Nur die Zitronenbäume verbreiteten weiterhin einen Hauch der unvergleichbar duftigen Stimmung, die sonst im Frühling auf dem gerade vier Quadratkilometer großen Flecken Vulkanerde in einer der schönsten Küstenbuchten des Tyrrhenischen Meeres herrscht. Procida ist Teil des Archipels der Phlegräischen Inseln, die auch Ischia und die winzigen Eilande Castello Aragonese, Vivara und Nisida umfassen und allesamt vulkanischen Ursprungs sind.
Seit drei Jahren kann die Prozession wieder regulär ablaufen. Die Feierlichkeiten beginnen stets schon in der Nacht von Gründonnerstag auf Karfreitag. Die meist jungen procidanischen Künstler, die die „misteri“ in den zurückliegenden Wochen und Monaten gezimmert oder restauriert haben, bringen sich am Westhang der Terra Murata in Stellung.

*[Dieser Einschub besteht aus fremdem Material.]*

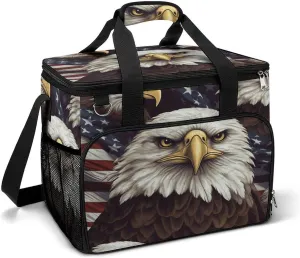 Camping Ice Pack, Bald Eagle Print Insulated Cooler Bag Large Capacity Ice Pack Portable Camping Cooler Outdoor Picnic Cooler, style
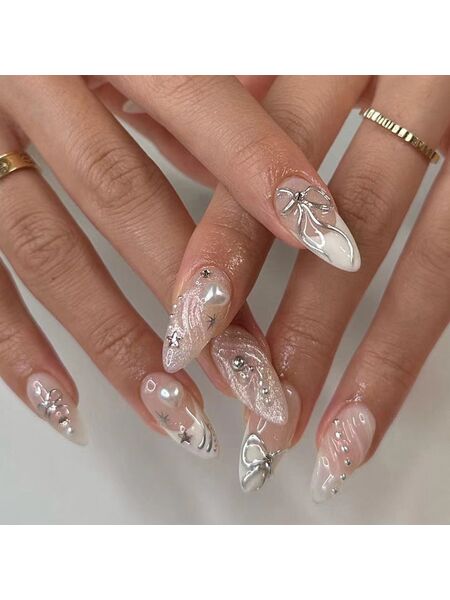 Elegant Bow Pink Nails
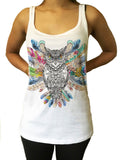 Jersey Tank Top Tribal Red Indian Owl Native American Feathers JTK926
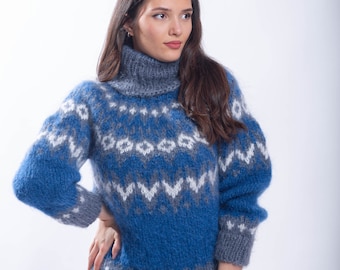 Blue Mohair Icelandic Sweater, Fluffy Nordic Jumper, Oversized Mohair Turtleneck, Lopapeysa Women Jumper, Fair Isle Sweater,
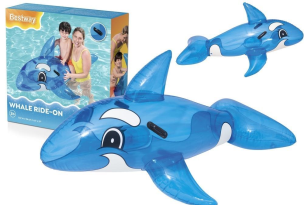 Dmuchany wieloryb do pływania 157x94cm. Wydawca: Bestway. Multiszop.pl Opakowanie Dmuchany wieloryb do pływania 157x94cm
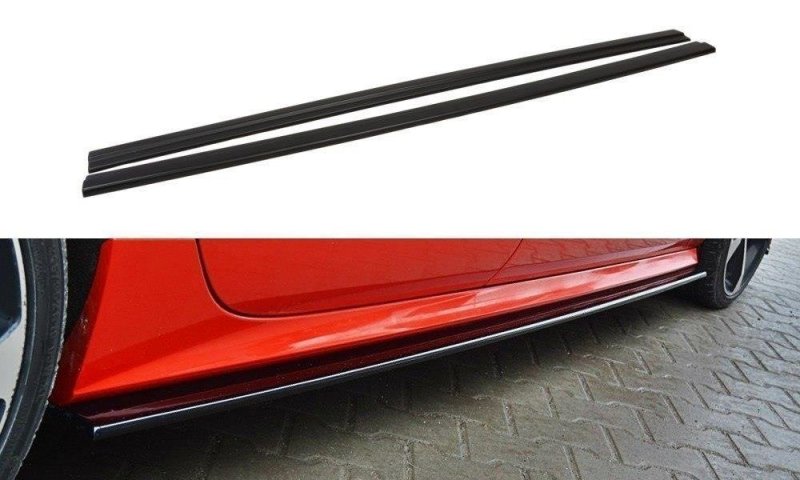 Maxton Seitenschweller Ansatz für Audi S7 / A7 S-Line C7 FL schwarz Hochglanz AU-A7-1F-SLINE-SD1-G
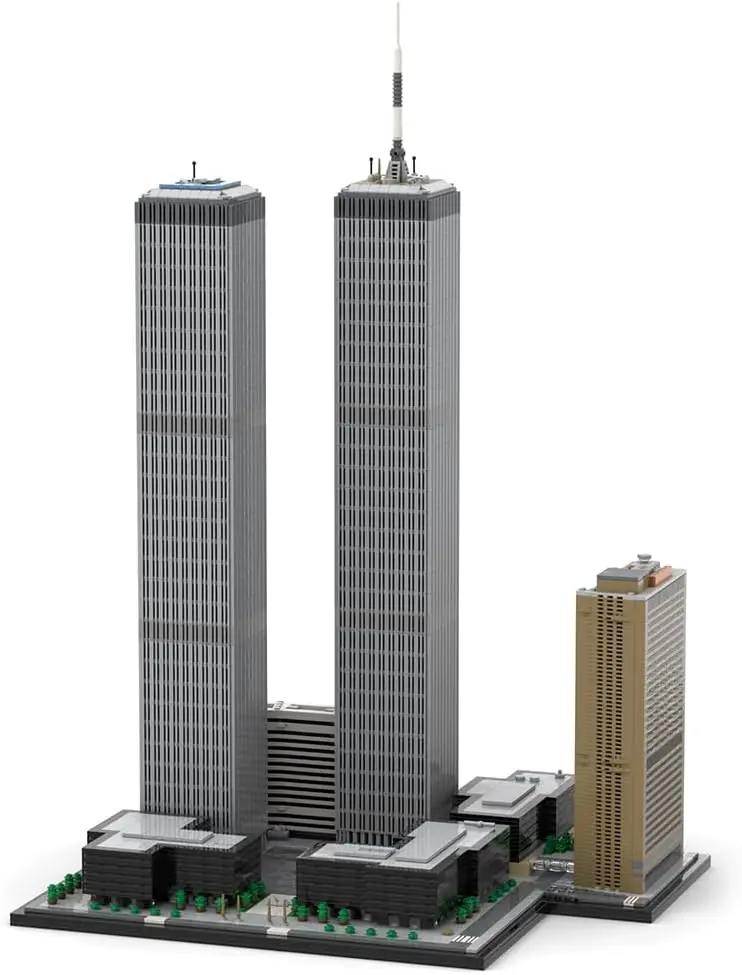 Centro comercial mundial, arquitectura de torres gemelas, punto de referencia, bloques de construcción, 1/800, Modular, ciudad de Nueva York, casa de calle, construye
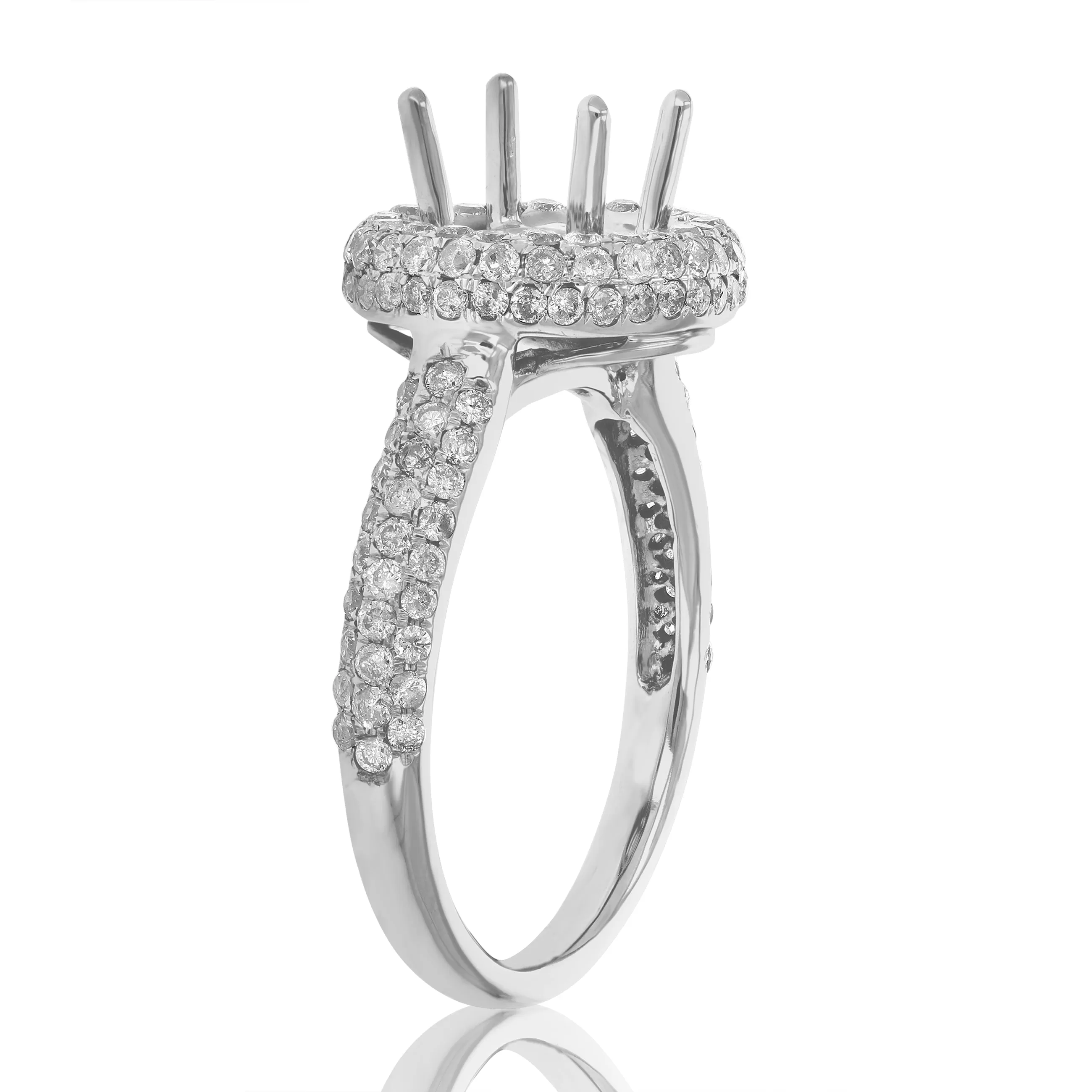 0.90 cttw Diamond Semi Mount Engagement Ring 14K White Gold Wedding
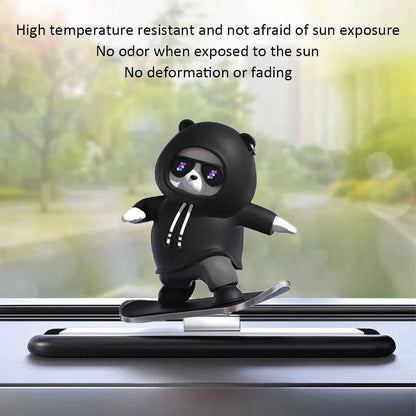 skateboarding panda car dashboard toy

Dort, auf der höchsten Erhebung der Insel, die eine Festung und eine Kirche krönen, legen sie letzte Hand an die Schmuckstücke und verzieren sie mit Nektar und Ambrosia.
Kilometerlanger Trauerzug
Die hölzernen Transportgestelle, unter deren Last sie sich den ganzen Vormittag lang zu ducken haben werden, sind bis zu 15 Meter lang, bis zu fünf Meter hoch und mit bis zu zehn Statuen besetzt. Kurz nach sieben Uhr setzen sie sich in Bewegung. Rund vier Stunden schiebt sich der Umzug mit zahllosen Unterbrechungen und Ruhepausen durch die Gassen der östlichen Inselhälfte. Geistliche und Politiker schreiten nebeneinander her. Ohne Abschlusszeremonie verliert sich der kilometerlange Trauerzug dann bei der Chiesa di Santa Maria della Pietà an der Marina Grande.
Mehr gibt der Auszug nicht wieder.